Apple’s big event, its September keynote, will be going down Wednesday at 10 a.m. PT, or 1 p.m. ET. Here are a few things to remember if you’re thinking about livestreaming it from Apple.
You’ll need to use Safari.
Cue the “LOL, the one time a year I use Safari” jokes, but, yeah, if you haven’t upgraded the browser in a while or don’t have it installed, you’ll want to make sure you have it at the ready; otherwise, going to the livestreaming Apple page is gonna give you nothing.
The good stuff may not come during the first hour.
The unveiling of the new iPhone will be the highlight of the event, and Apple knows that. So if you care about the iPhone stuff, you can probably skip the first hour or so. In 2015, the iPhone 6s announcement happened around 93 minutes into a 140-minute presentation — though, in 2014, Tim Cook launched immediately into the iPhone 6 news, so you never know.

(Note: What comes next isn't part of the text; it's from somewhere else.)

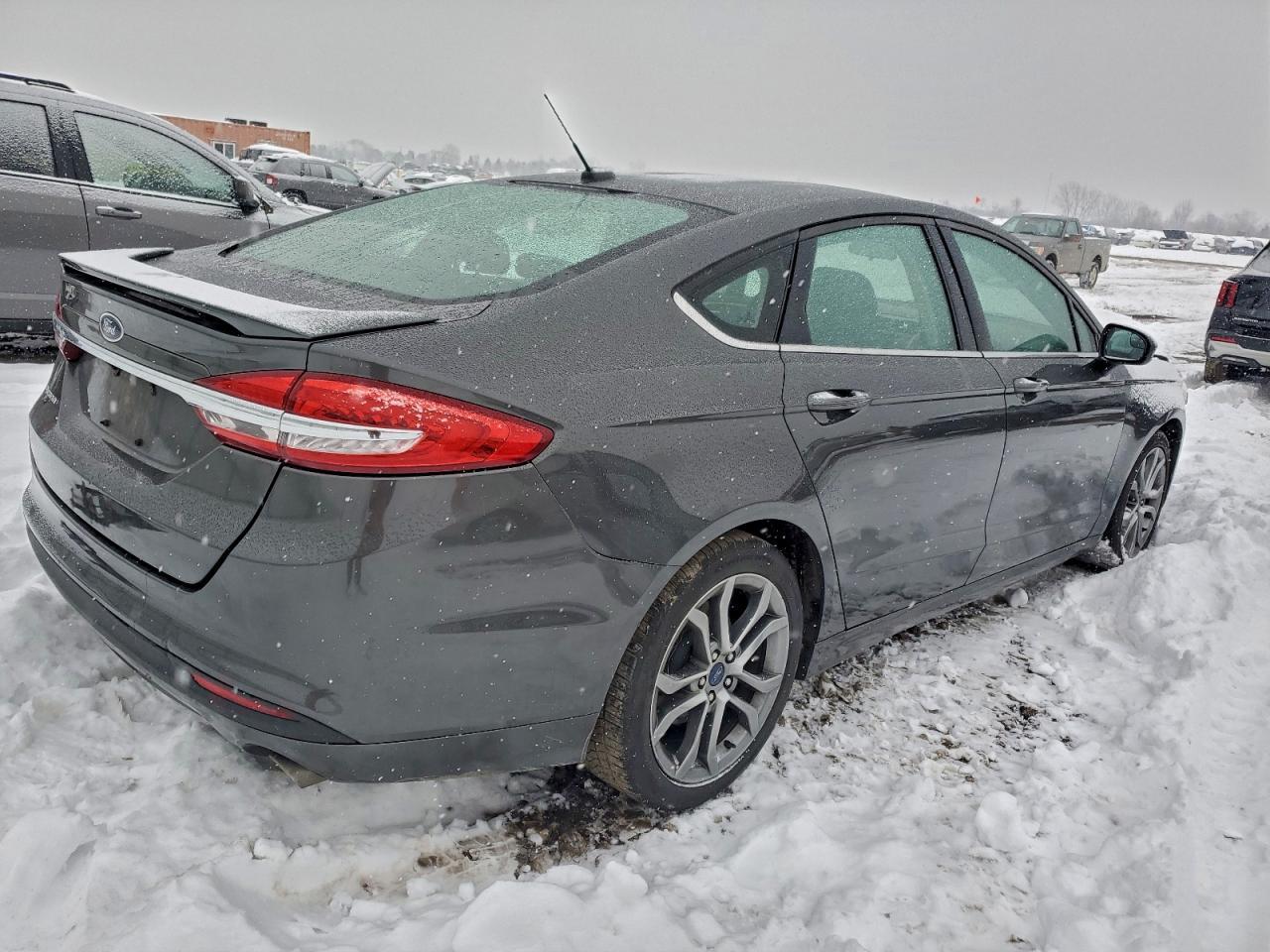 2017 Ford Fusion S - Фото 3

Still, Apple’s standard operating procedure is to talk about updates and sales numbers and other smaller stuff before getting to the new phone. One caveat: If you are super into smartwatches, there’s a very good chance the Apple Watch 2 will be announced tomorrow, and that will most likely happen before the iPhone 7 reveal.
Maybe avoid Twitter?
I mean, obviously check in with the Select All Twitter account constantly, but Twitter during an Apple keynote is tens of thousands of tech people doing “yes, and” improv live, which is like a production of Swan Lake put on by horses. There are funny tech people out there, but the good-versus-not-good joke ratio during an Apple keynote on Twitter is pretty abysmal.
Also, maybe just don’t watch it?
John Herrman put this much more poetically over at the Awl in 2014, but, basically, consider how much you care about being among the absolutely first to know about, like, whether the new iPhone will come with Bluetooth earphones or ones that plug into the Lightning port. (Also, if you’re watching the livestream, you won’t be the first to know — it’s on about a ten-second delay from what folks are seeing at the Bill Graham Civic Auditorium in San Francisco.)

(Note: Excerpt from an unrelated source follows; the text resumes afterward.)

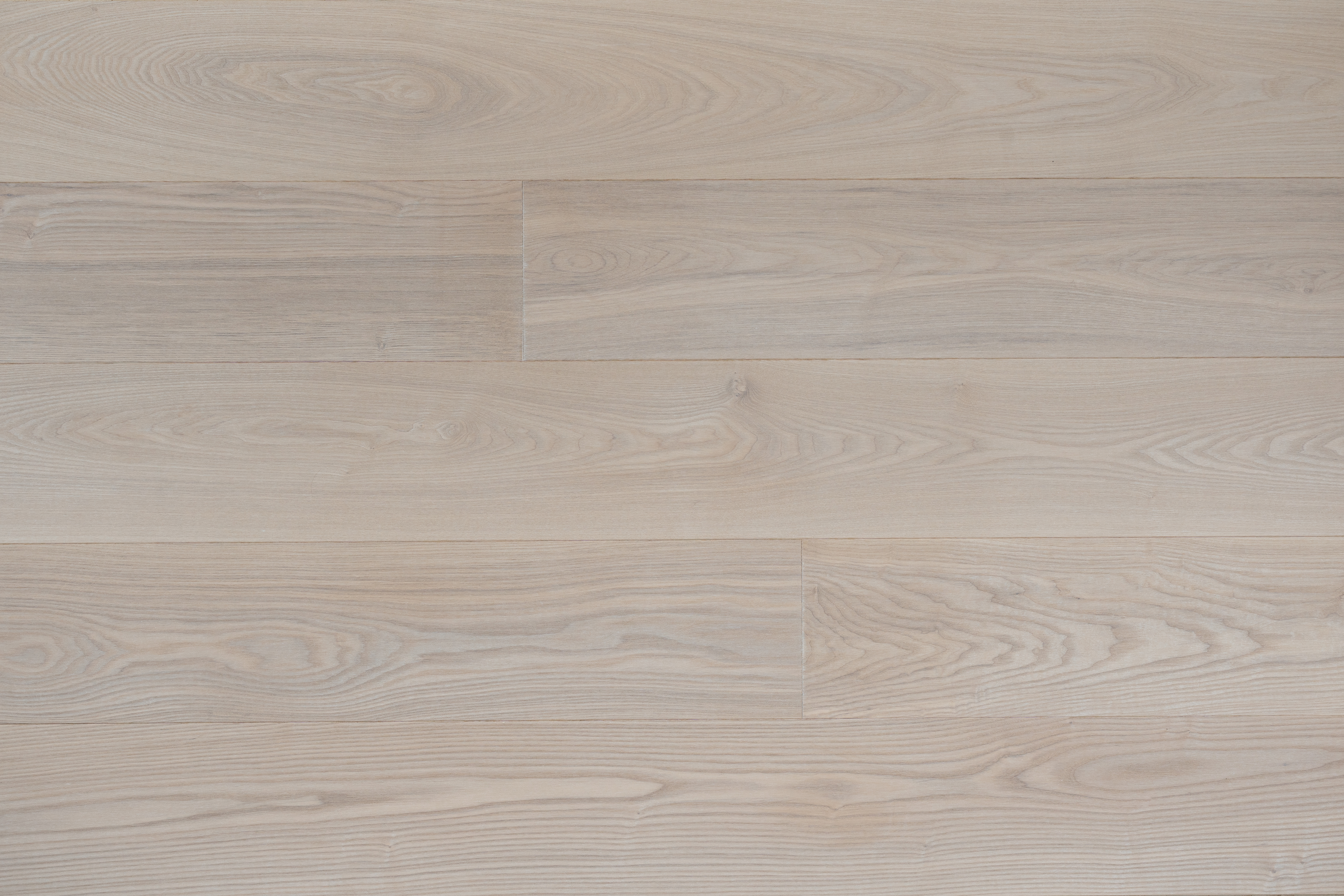 Паркетная доска AmberWood/Амбер Вуд Классика Ясень Белая ночь Стандарт лак 1860х189х14 мм (2,812 м2/упак)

If you’re not a serious spec-head or gadget nerd, do you need to watch a two-hour-long PowerPoint (er, excuse me, Keynote) presentation about what a company plans to sell? There will be detailed roundups of every section of the keynote within minutes, and deeper analyses and buyer’s guides and hot takes and counterintuitive takes about Apple’s keynote by mid-afternoon Wednesday, and continuing on for probably the rest of the week. You will get your fill of Apple news, regardless of whether you watch the livestream or not.
No one can argue that Apple makes revolutionary products. That doesn’t mean you have to watch this particular iteration of the revolution be televised.